**DATA EXTRACTS:**
++++++++++
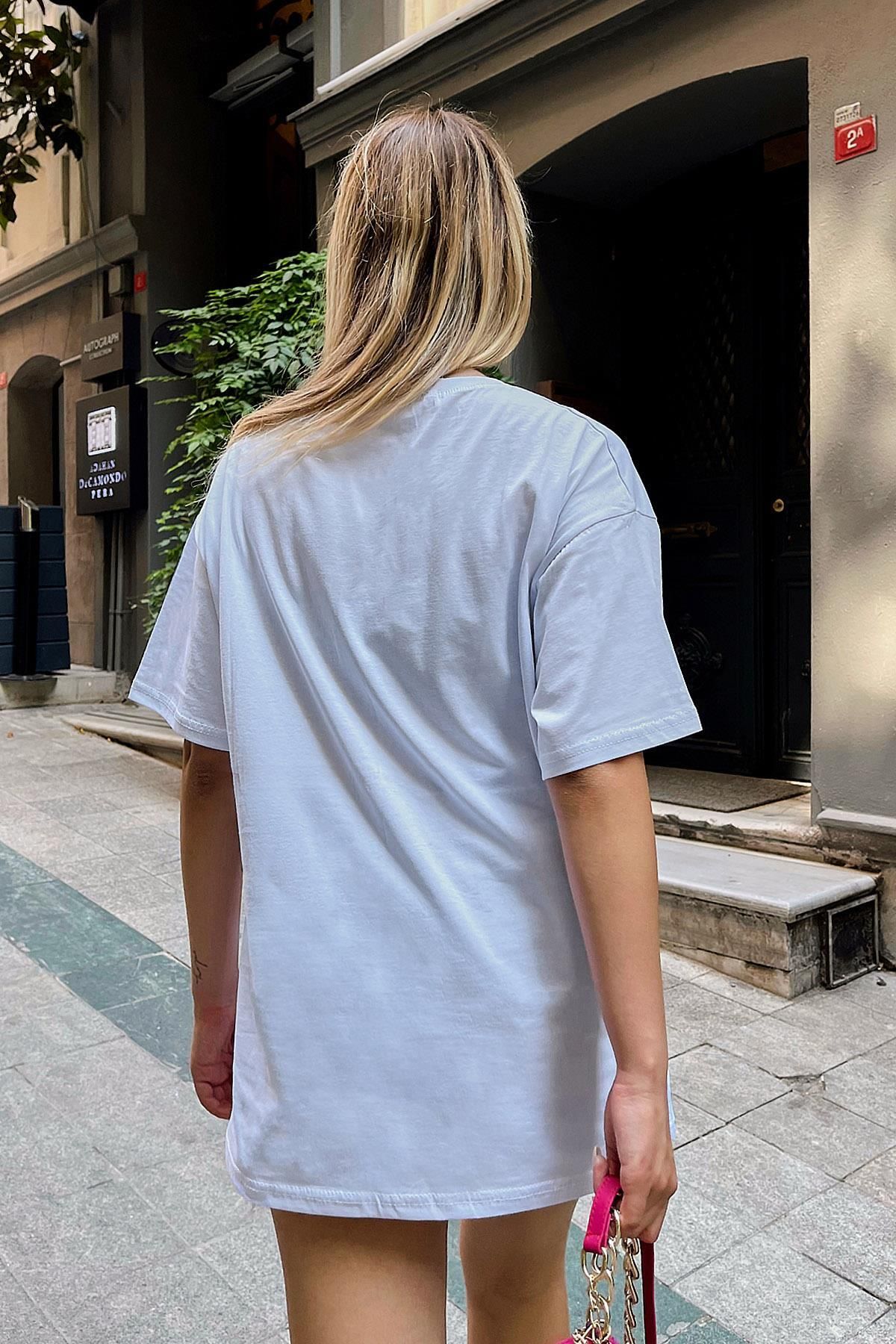 Swist-Weißes New Nirvana bedrucktes Oversize-Damen-T-Shirt 3
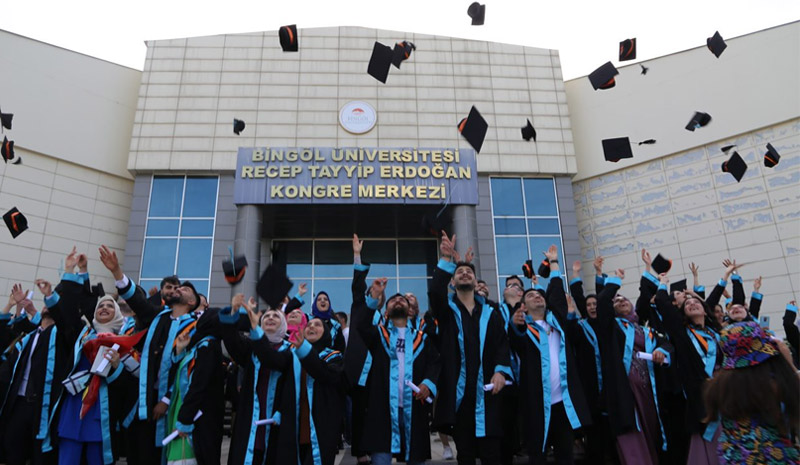 Bingöl Üniversitesi`nde mezuniyet coşkusu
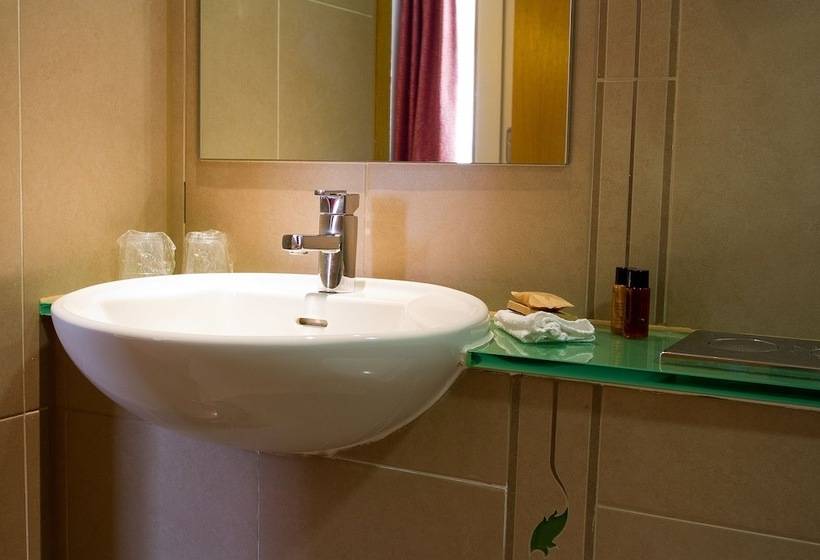 Quarto Estandar Individual, The Pinewood
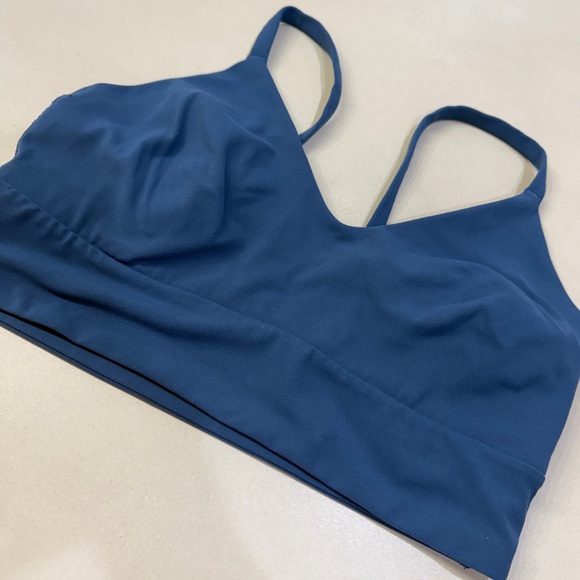 Lululemon Blue Twill Focuser Bra- Women Intimates & Sleepwear - Picture 3 of 6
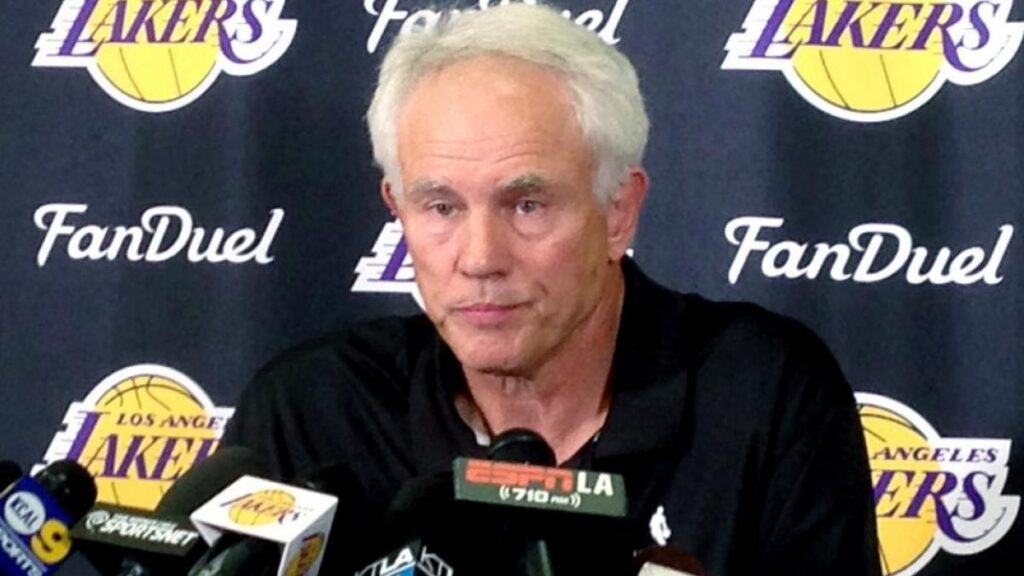 Kupchak continuará como GM de los Hornets
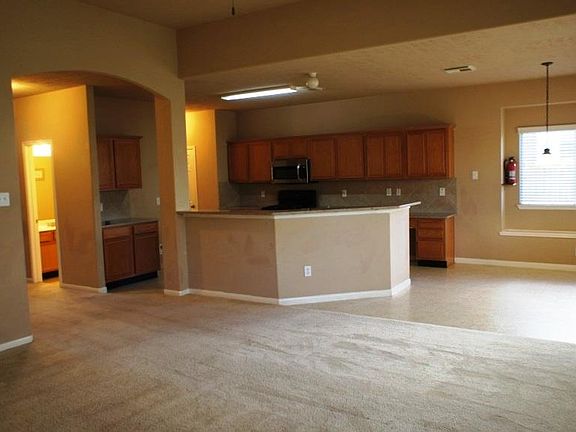 enjoy the large living room that connect o kitchen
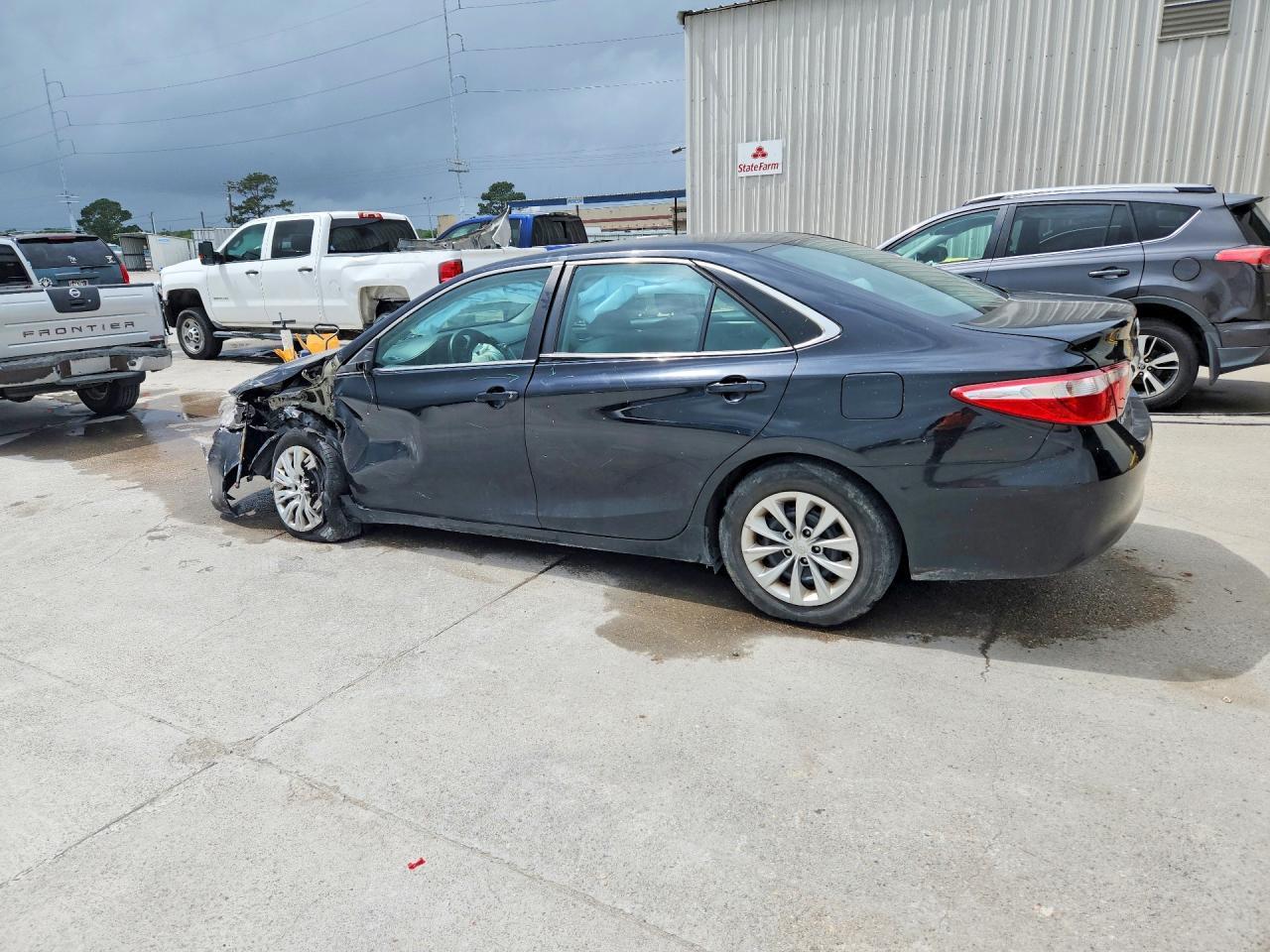 2017 Toyota Camry Le - Фото 2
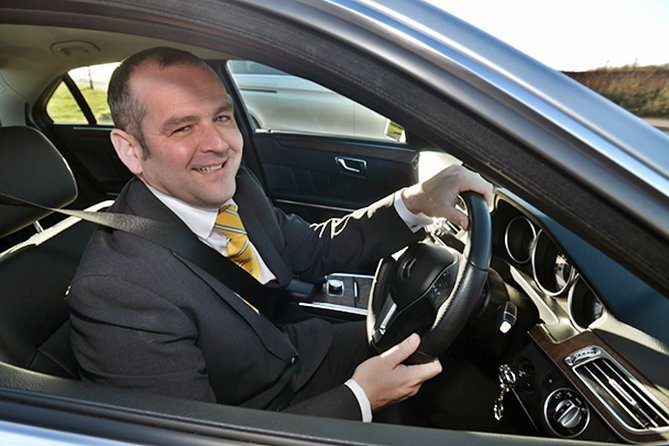 Nottinghamshire to London Heathrow Airport (LHR) Luxury Transfers - Flight monitoring and Heathrow collections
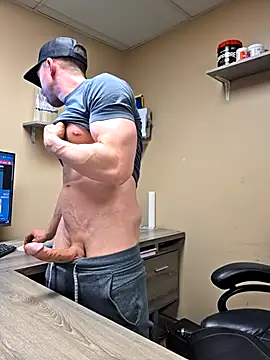 averageandsum online show from March 15, 9:43 pm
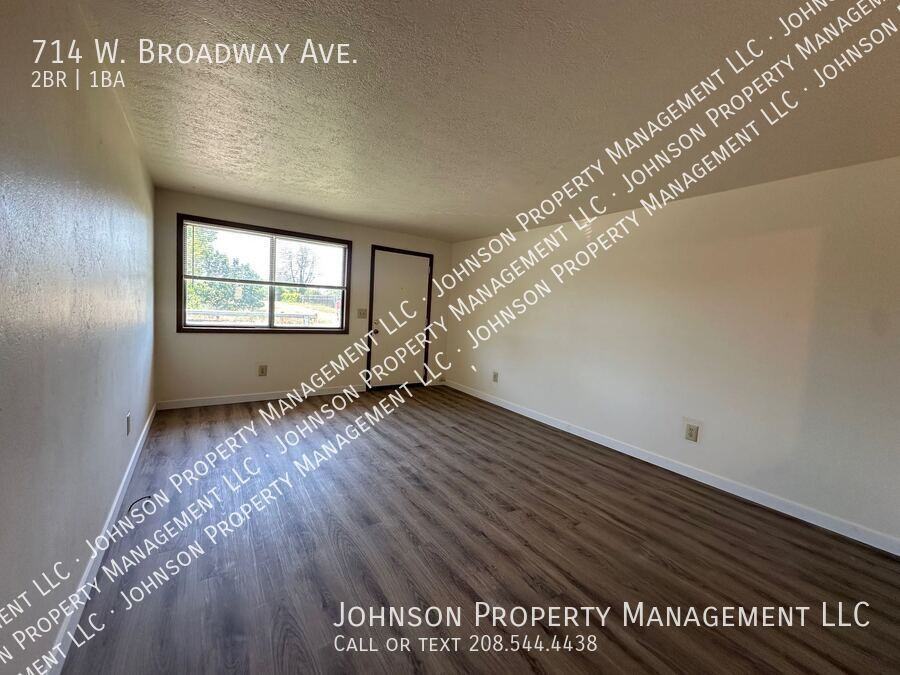 714 W Broadway Ave - Photo 6 of 11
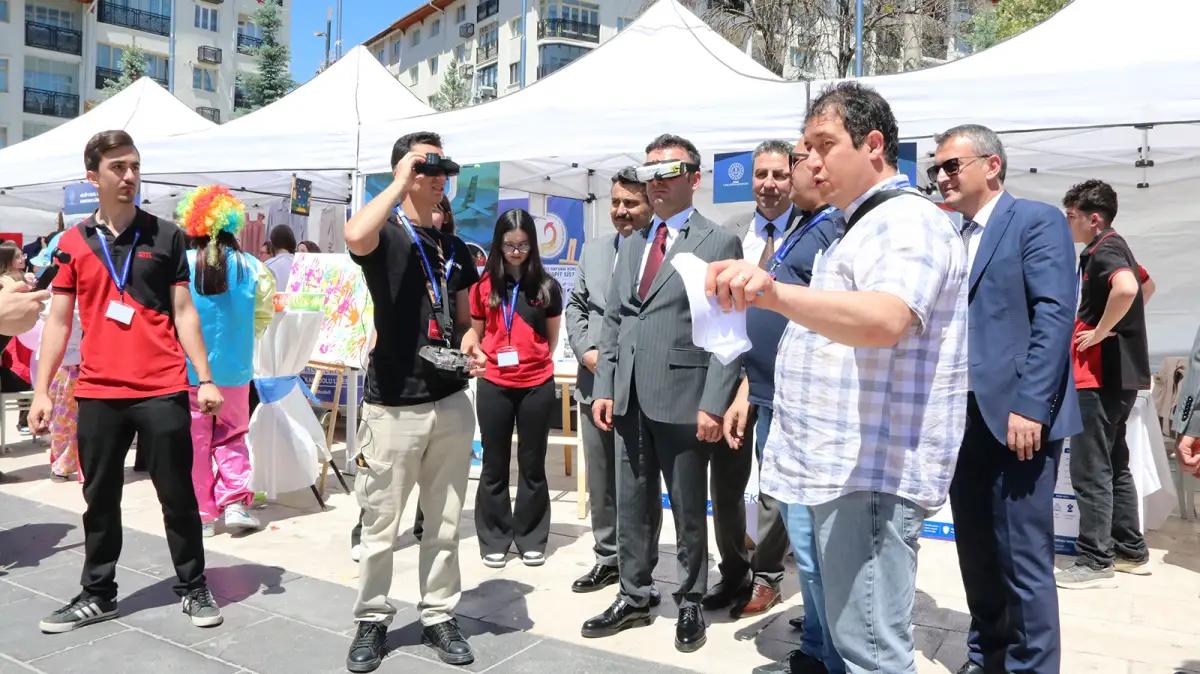Sivas’ta Mesleki Eğitim Rüzgârı: Öğrencilerin Projeleri ve Üretimleri Büyük İlgi Gördü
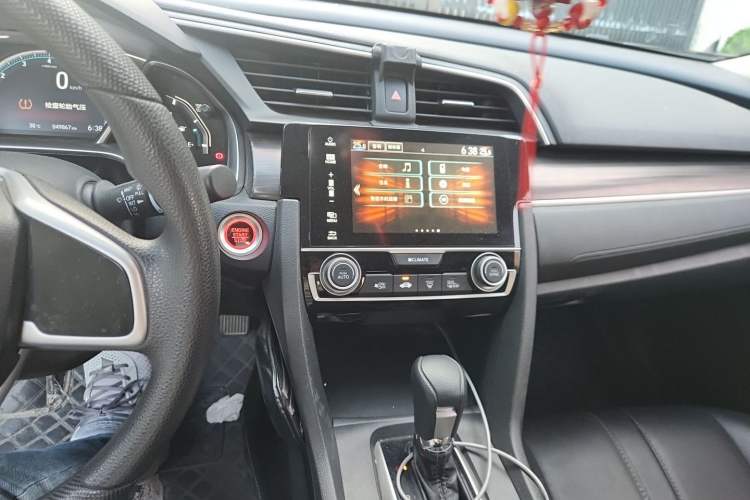 Used Honda Civic 2019 220TURBO CVT Dynamic Edition China VI Audio And AC Panel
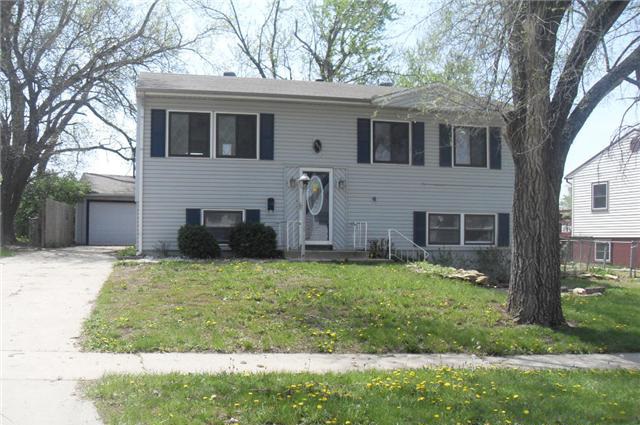 909 SE 36th Ter, Topeka, KS 66605 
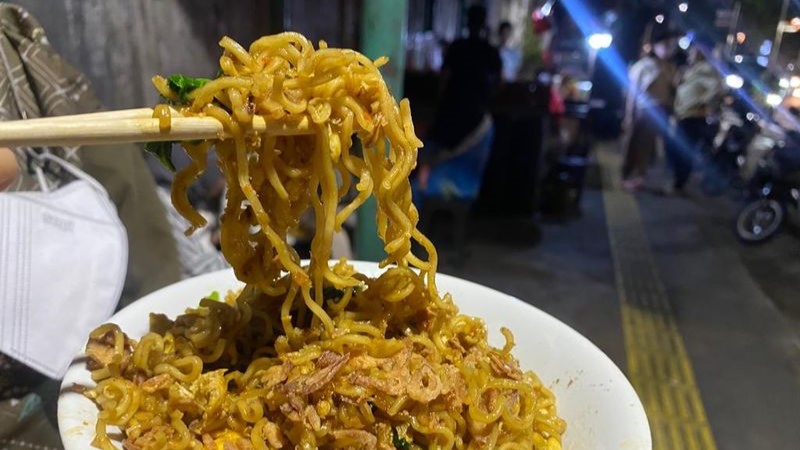 Rekomendasi Warmindo Favorit di Jakarta dengan Racikan Unik yang Menggoda Selera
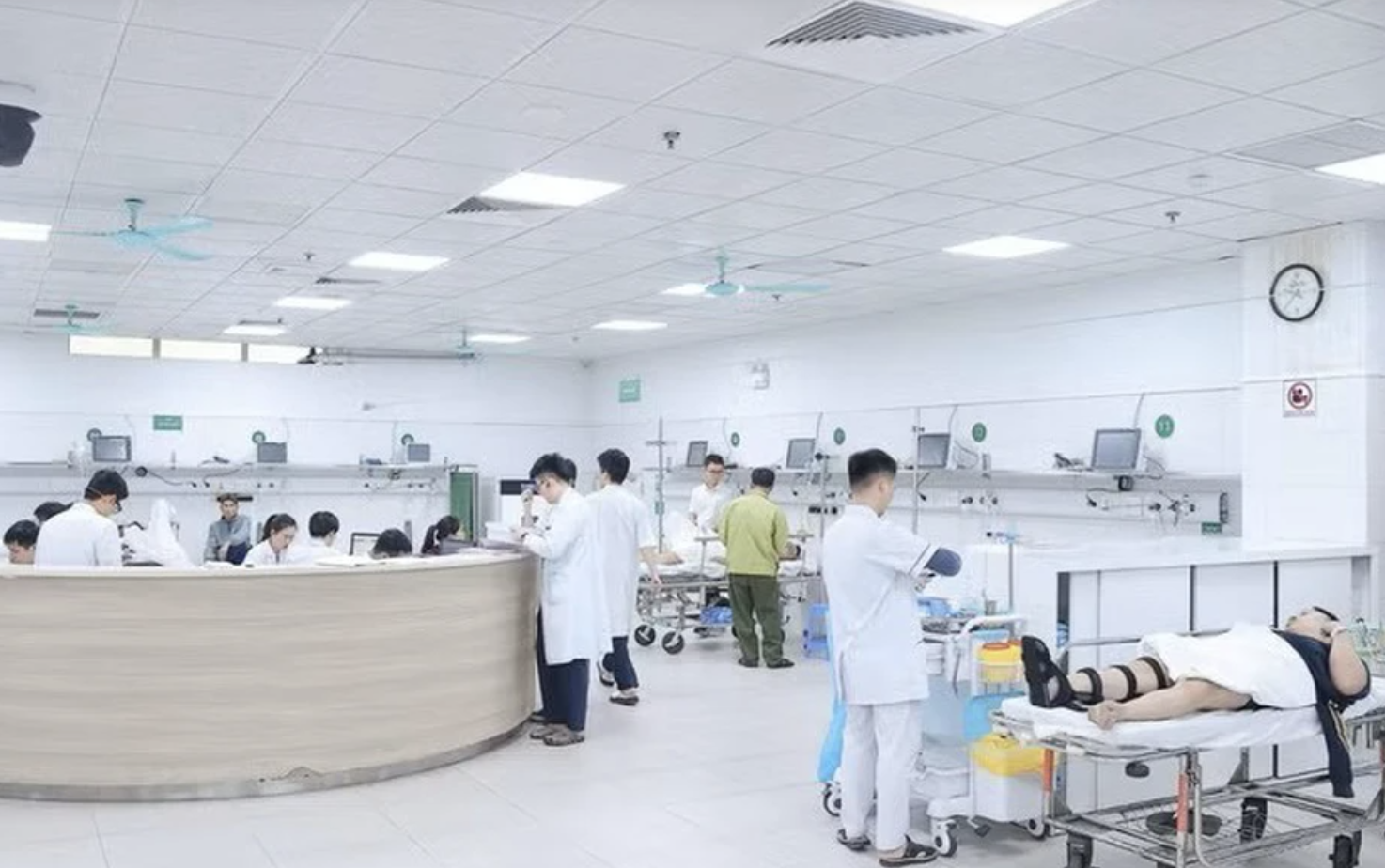 Hơn 83.000 lượt người bệnh khám, cấp cứu trong ngày đầu kỳ nghỉ lễ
++++++++++
**WHAT YOU NEED TO DO:** Please retype the data exactly, but do not carry over any picture.

**TASK RESPONSE:**
 Swist-Weißes New Nirvana bedrucktes Oversize-Damen-T-Shirt 3
 Bingöl Üniversitesi`nde mezuniyet coşkusu
 Quarto Estandar Individual, The Pinewood
 Lululemon Blue Twill Focuser Bra- Women Intimates & Sleepwear - Picture 3 of 6
 Kupchak continuará como GM de los Hornets
 enjoy the large living room that connect o kitchen
 2017 Toyota Camry Le - Фото 2
 Nottinghamshire to London Heathrow Airport (LHR) Luxury Transfers - Flight monitoring and Heathrow collections
 averageandsum online show from March 15, 9:43 pm
 714 W Broadway Ave - Photo 6 of 11
Sivas’ta Mesleki Eğitim Rüzgârı: Öğrencilerin Projeleri ve Üretimleri Büyük İlgi Gördü
 Used Honda Civic 2019 220TURBO CVT Dynamic Edition China VI Audio And AC Panel
 909 SE 36th Ter, Topeka, KS 66605 
 Rekomendasi Warmindo Favorit di Jakarta dengan Racikan Unik yang Menggoda Selera
 Hơn 83.000 lượt người bệnh khám, cấp cứu trong ngày đầu kỳ nghỉ lễ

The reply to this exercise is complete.